▶ What the exercise asks: In the listing below, the lines starting with the line with "我老婆真的不是天后 我老婆真的不是天后" and going on through the line with "В стиле сектор" are to be reproduced exactly, and only those.

▶ Records shown:
--- START ---

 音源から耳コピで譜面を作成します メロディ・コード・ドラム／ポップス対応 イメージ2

--- END ---
--- START ---

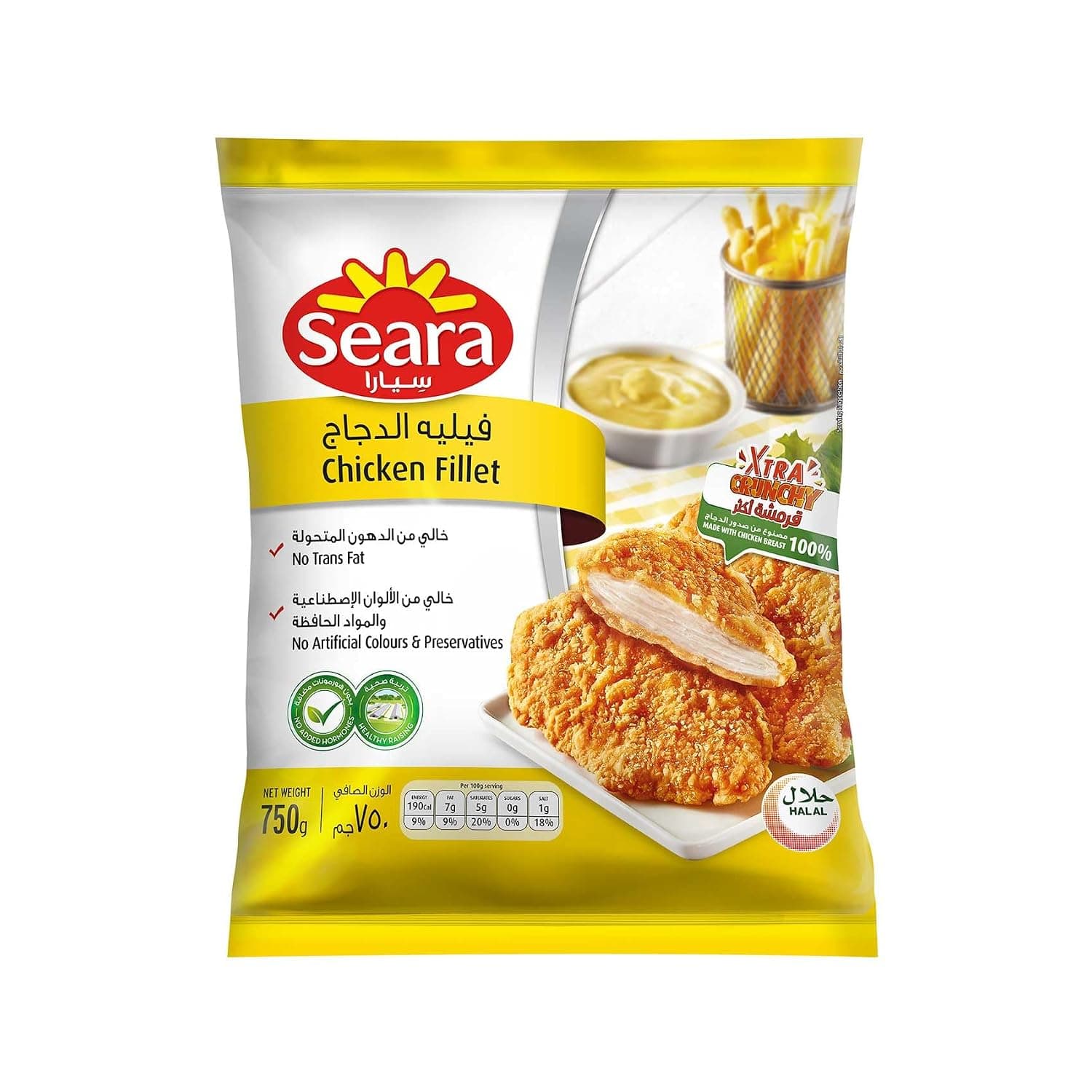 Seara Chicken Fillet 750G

--- END ---
--- START ---

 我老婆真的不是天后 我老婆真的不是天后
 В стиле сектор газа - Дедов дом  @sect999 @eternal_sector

--- END ---

▶ Solution to this task:
 我老婆真的不是天后 我老婆真的不是天后
 В стиле сектор газа - Дедов дом  @sect999 @eternal_sector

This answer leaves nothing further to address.